- Born: 1880 Edinburgh
- Died: 25 January 1943 (aged 62)
- Education: Edinburgh University
- Occupation: Senior surgeon
- Years active: 1911-1942
- Children: 2 daughters

= Charles Johnston Smith =

British senior surgeon (1880-1943)

Charles Johnston Smith OBE CBE (1880 – 25 January 1943) was a British surgeon who served as Senior Surgeon, Singapore from 1918 to 1935.

== Early life and education ==
Smith was born in Edinburgh in 1880, the son of E. Johnston Smith. He was educated at Royal High School, Edinburgh and Edinburgh University where he received his medical degree and Bachelor of Surgery (MBChB) in 1904. After further training, in 1909, he became a Fellow of the Royal College of Surgeons (FRCS).

== Career ==
In 1911, he entered the Malayan Civil Service as a House Surgeon and was posted to Seremban.

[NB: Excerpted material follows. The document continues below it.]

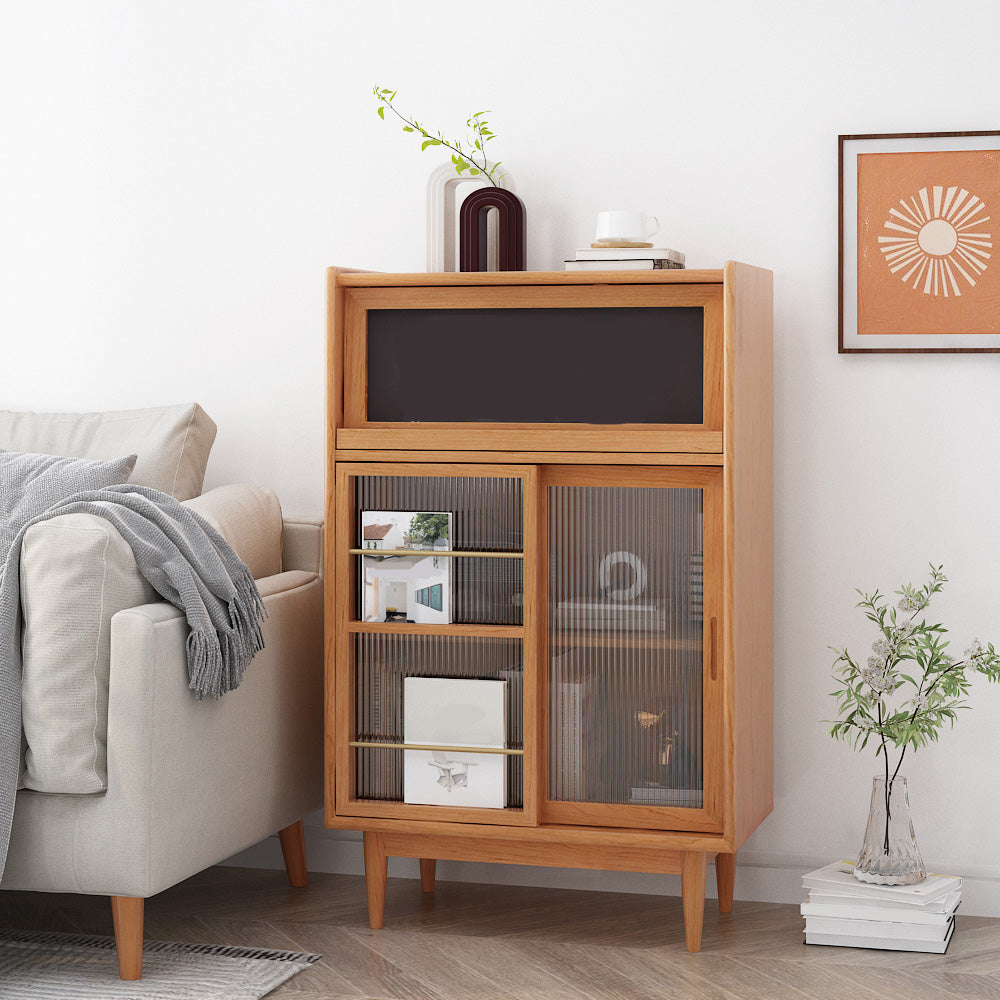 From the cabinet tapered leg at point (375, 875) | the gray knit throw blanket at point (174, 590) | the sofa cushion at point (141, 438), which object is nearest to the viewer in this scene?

In 1914, he went to Singapore as professor of clinical surgery. From 1918 to 1935, he was Senior Surgeon, Singapore, and from 1925 to 1935, he was also Senior Professor of Surgery at King Edward VII College of Medicine. Described in his later years as "perhaps the most brilliant surgeon who ever worked in Malaya", some of his successful operations were reported in the press. In 1935, he retired from the Malayan Medical Service.

After moving to the Channel Islands, he became a consulting surgeon at the Victoria Hospital, Guernsey, and from 1941–42, he served as surgeon at Clare Hall Manor, E.M.S. Hospital, Hertfordshire, treating people from London injured in air raids.

== Personal life and death ==
Smith married Kathleen Scott in 1921, and they had two daughters.

Smith died on 25 January 1943.

== Honours ==
Smith was appointed Member of the Order of the British Empire (MBE) in 1930, and Commander of the Order of the British Empire (CBE) in 1935.